Start of DATASET SECTION

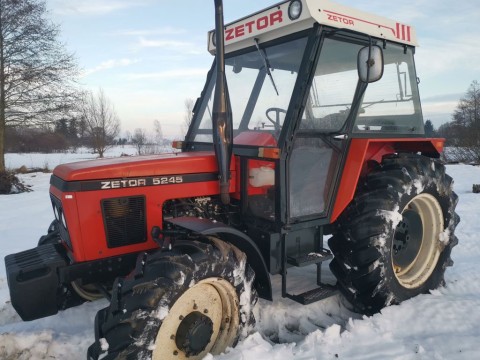 Zetor 5245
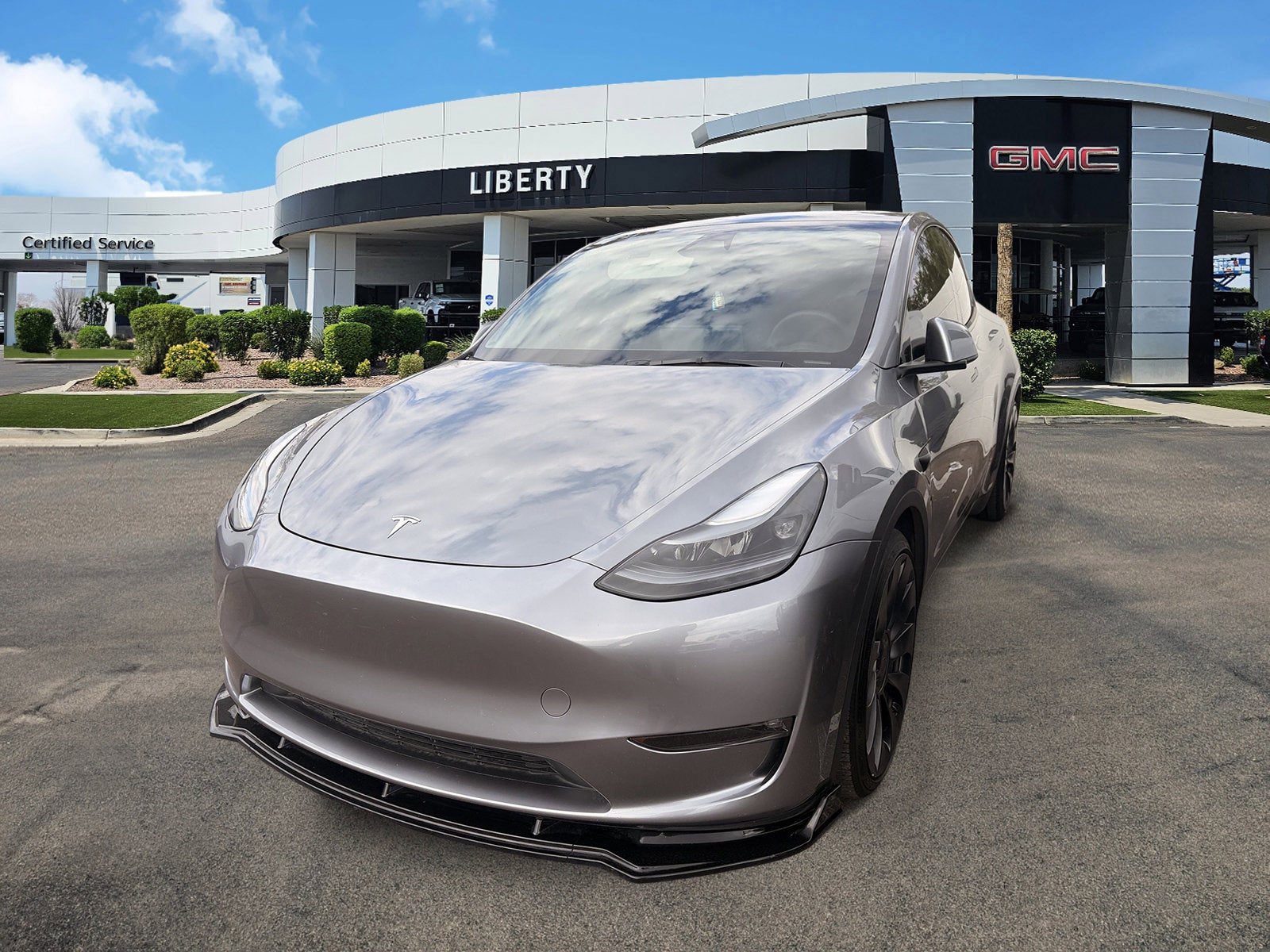 2025 Tesla Model Y Performance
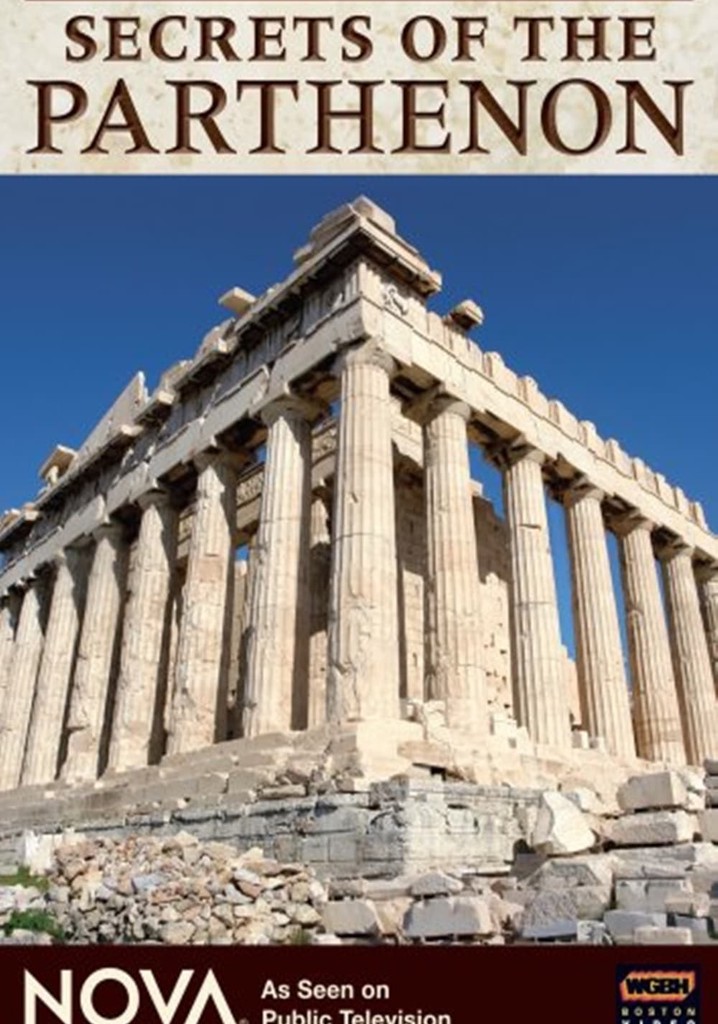 Secrets of the Parthenon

End of DATASET SECTION

AIM OF THE TASK = Output the listing above in full, exactly. No images.

SOLUTION FOR THIS TASK =
 Zetor 5245
 2025 Tesla Model Y Performance
 Secrets of the Parthenon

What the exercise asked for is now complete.